Data listing Start Marker

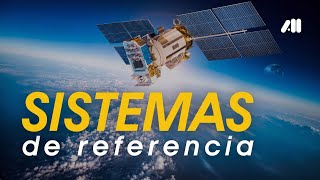 Sistemas de referencias por Javier Santaolalla [upl. by Sillaw]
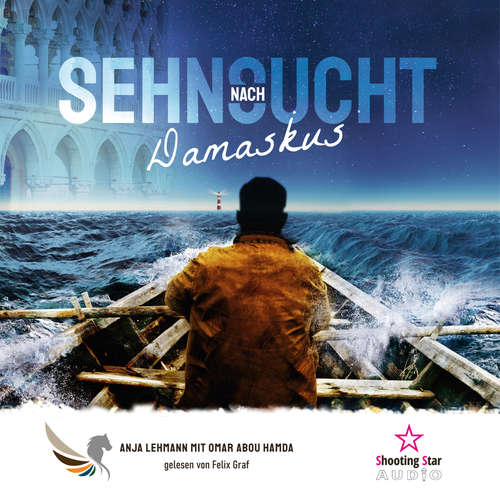 Hoerbuch Sehnsucht nach Damaskus - Anja Lehmann - Felix Graf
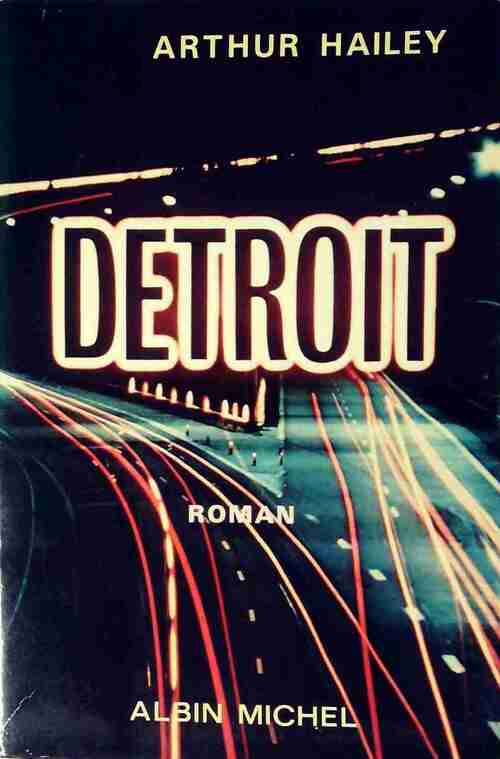 Livrenpoche : Detroit - Arthur Hailey - Livre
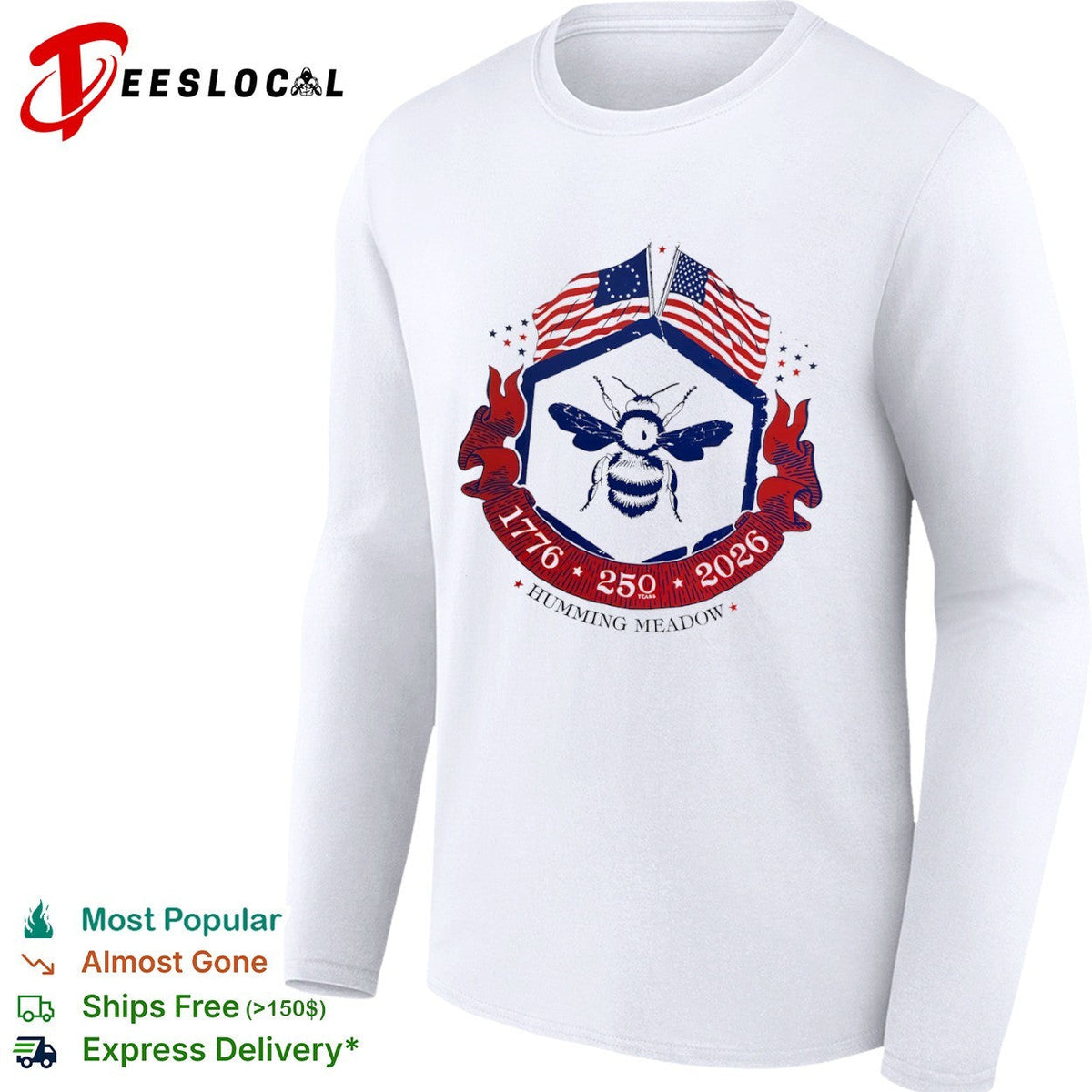 Humming Meadow 1776 250 2026 American Bee Patriotic Semiquincentennial Anniversary shirt Unisex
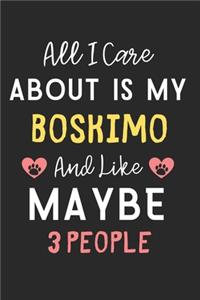 All I care about is my Boskimo and like maybe 3 people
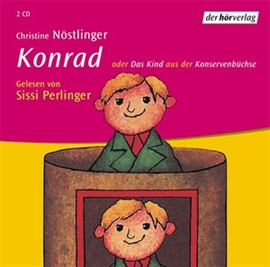 Hörbuch Konrad oder Das Kind aus der Konservenbüchse  - Autor Christine Nöstlinger   - gelesen von Sissi Perlinger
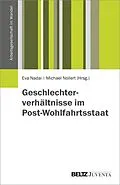 E-Book (pdf) Geschlechterverhältnisse im Post-Wohlfahrtsstaat von 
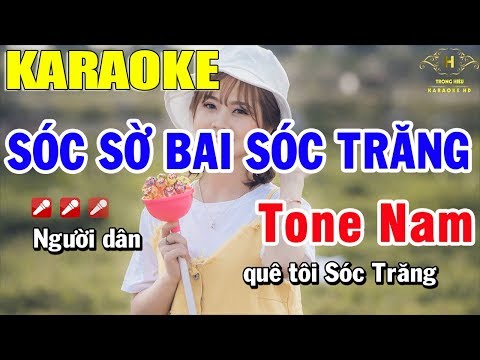 Karaoke Sóc Sờ Bai Sóc Trăng Tone Nam Nhạc Sống | Trọng Hiếu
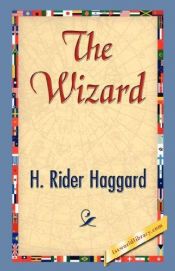 book cover of The Wizard by H. Rider Haggard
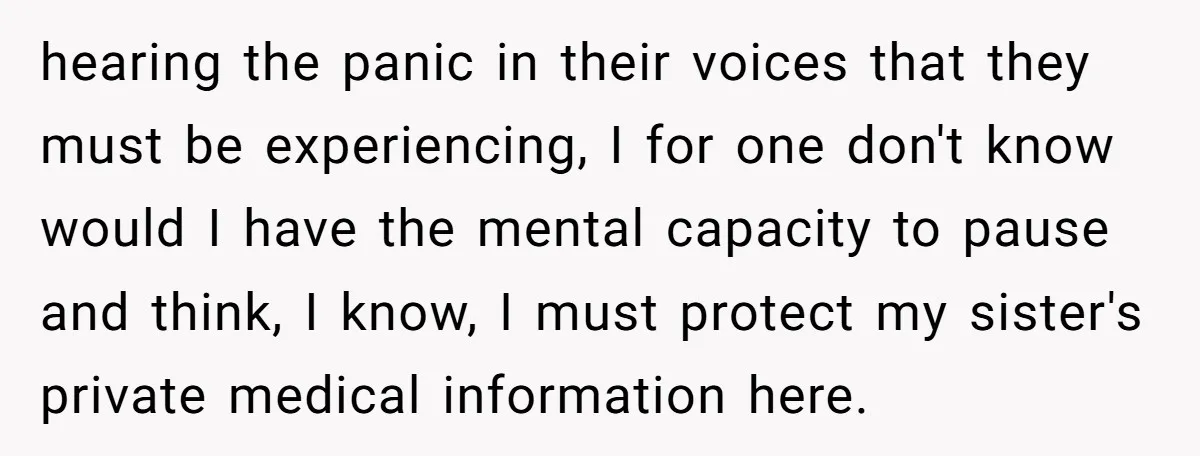 hearing the panic in their voices that they must be experiencing, I for one don't know would I have the mental capacity to pause and think, I know, I must...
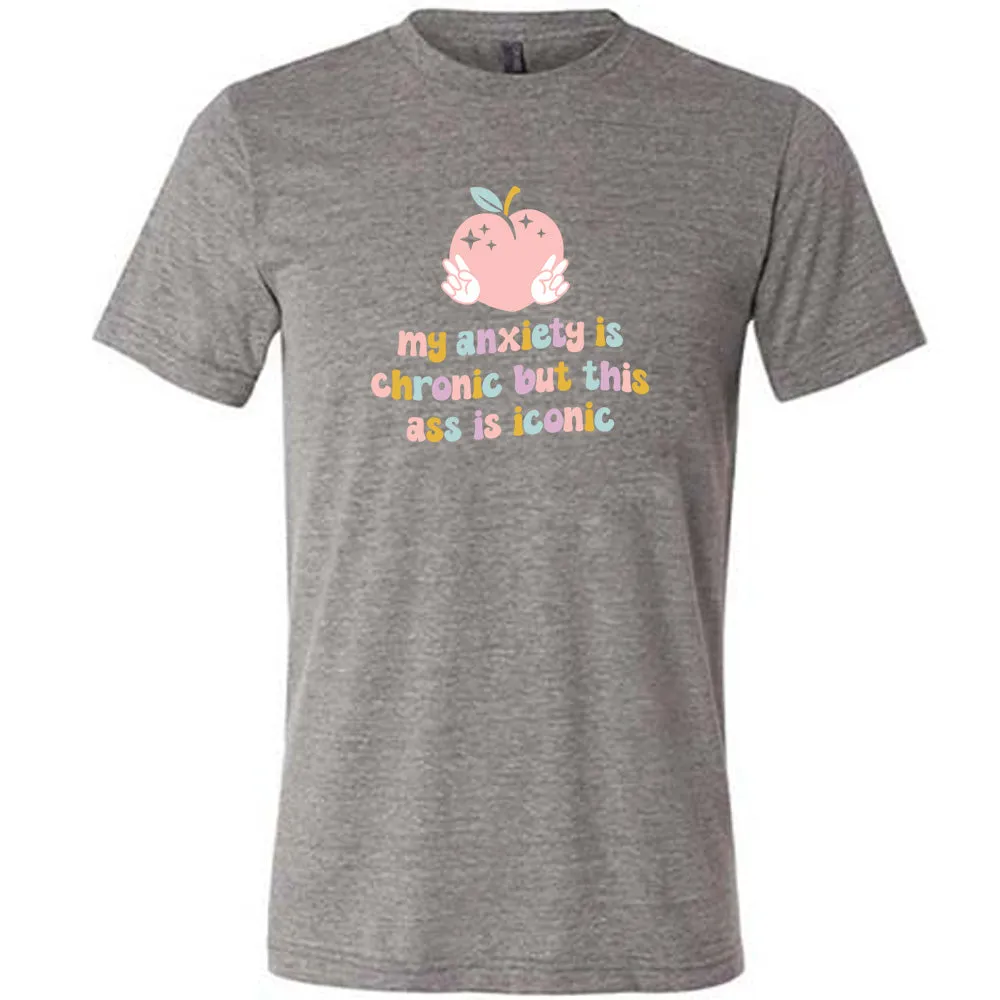 My Anxiety Is Chronic But This Ass Is Iconic Shirt Unisex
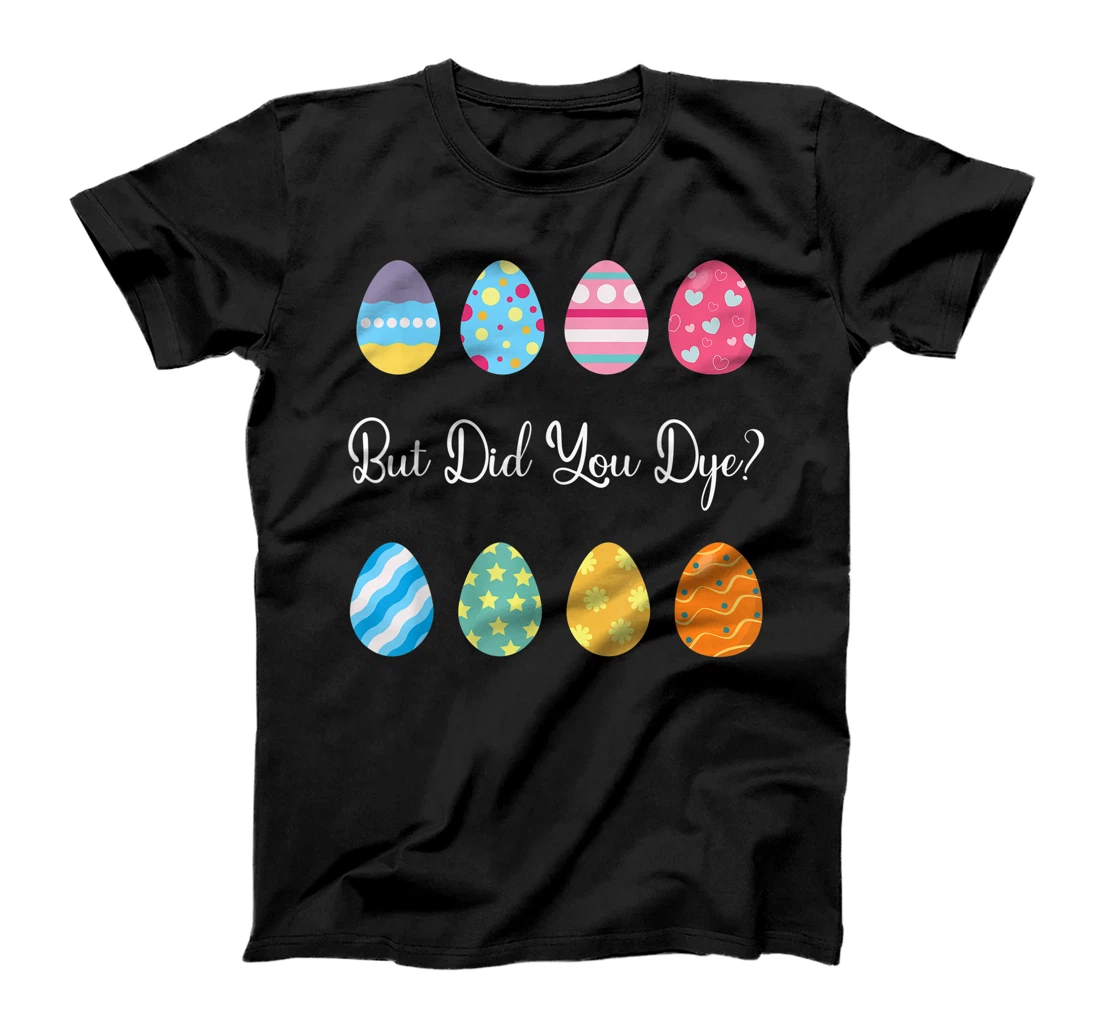 Funny But Did You Dye Cute Easter Egg T-Shirt, Kid T-Shirt and Women T-Shirt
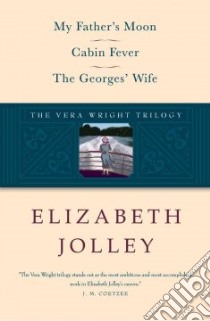 The Vera Wright Trilogy libro in lingua di Jolley Elizabeth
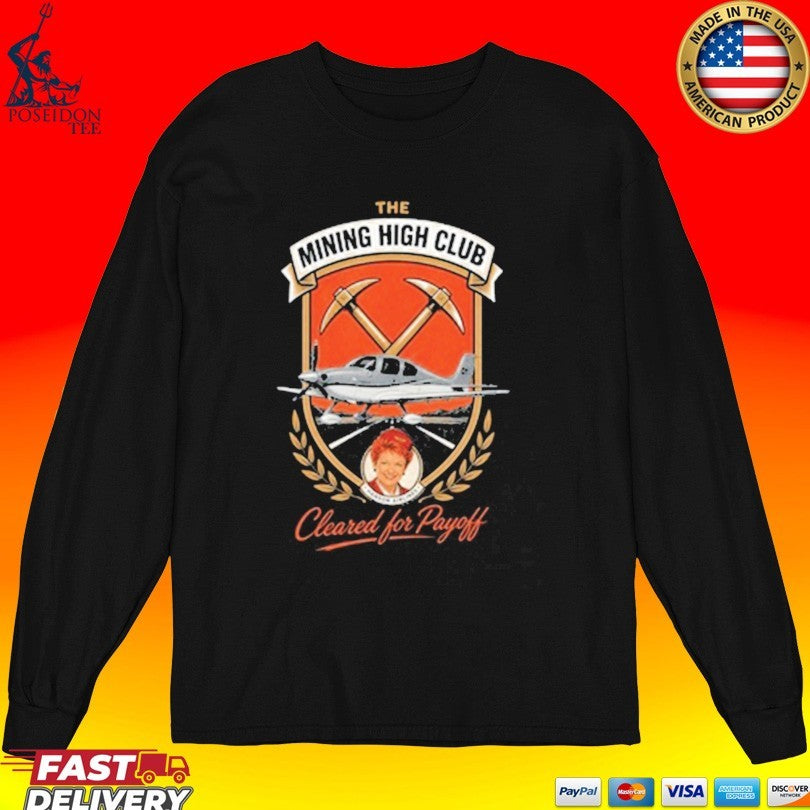 Frothies Mining High Club Cleared For Payoff T-shirt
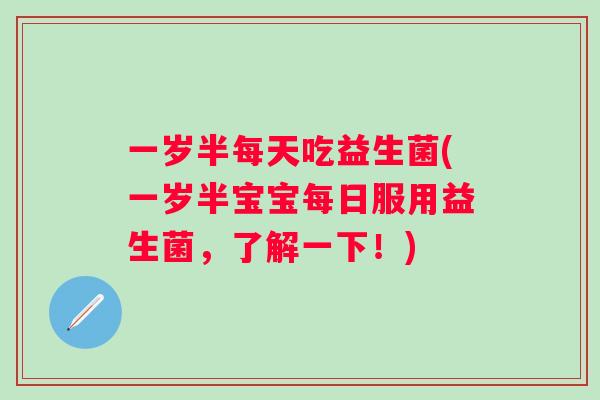 一岁半每天吃益生菌(一岁半宝宝每日服用益生菌，了解一下！)
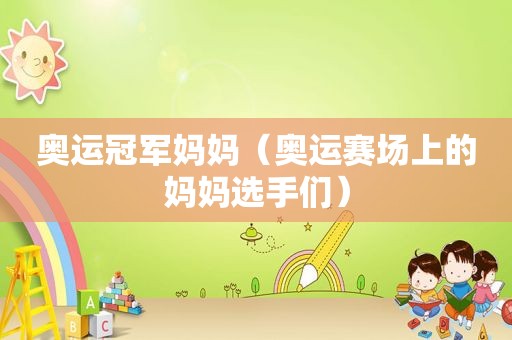 奥运冠军妈妈（奥运赛场上的妈妈选手们）
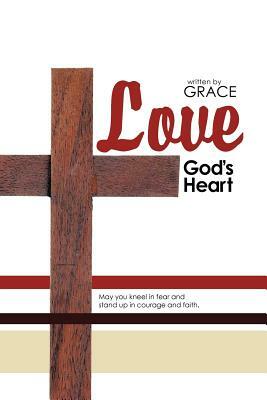 Love: God's Heart by Adalyn Grace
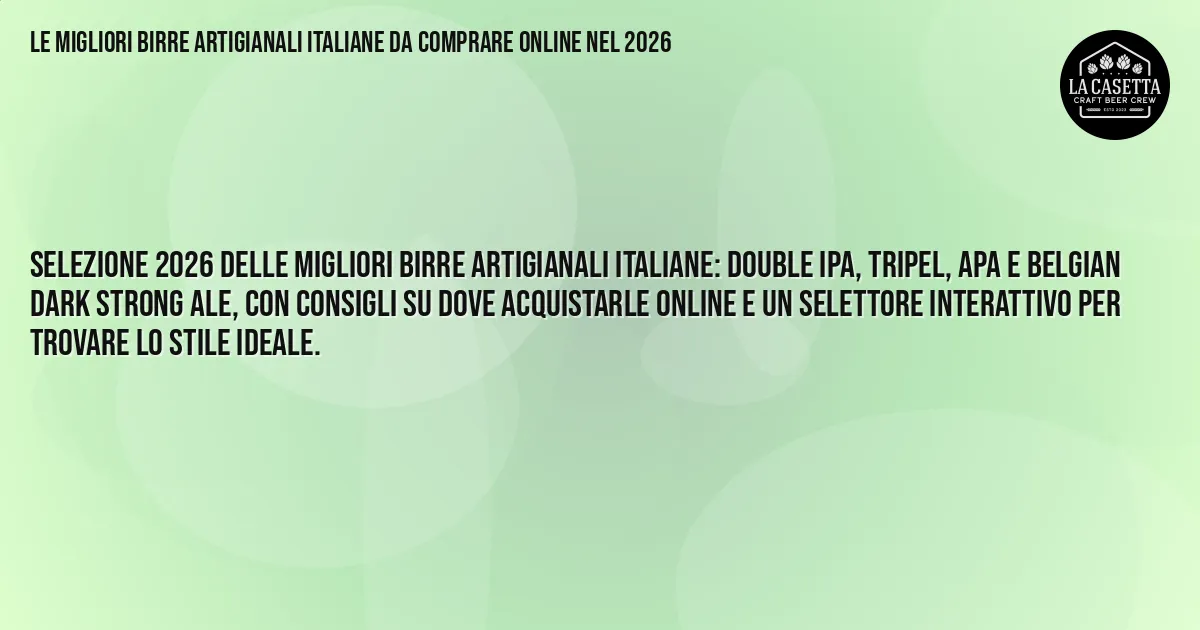 Sintesi TL;DR: Le migliori birre artigianali italiane da comprare online nel 2026 Sintesi TL;DR: Le migliori birre artigianali italiane da comprare online nel 2026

Data listing End Marker

### Work instruction
Give back exactly the lines above from the one with "book cover of The Wizard by H. Rider Haggard" through the one with "Funny But Did", both included. Pictures don't belong in the copy.

### Output below
 book cover of The Wizard by H. Rider Haggard
 hearing the panic in their voices that they must be experiencing, I for one don't know would I have the mental capacity to pause and think, I know, I must...
 My Anxiety Is Chronic But This Ass Is Iconic Shirt Unisex
 Funny But Did You Dye Cute Easter Egg T-Shirt, Kid T-Shirt and Women T-Shirt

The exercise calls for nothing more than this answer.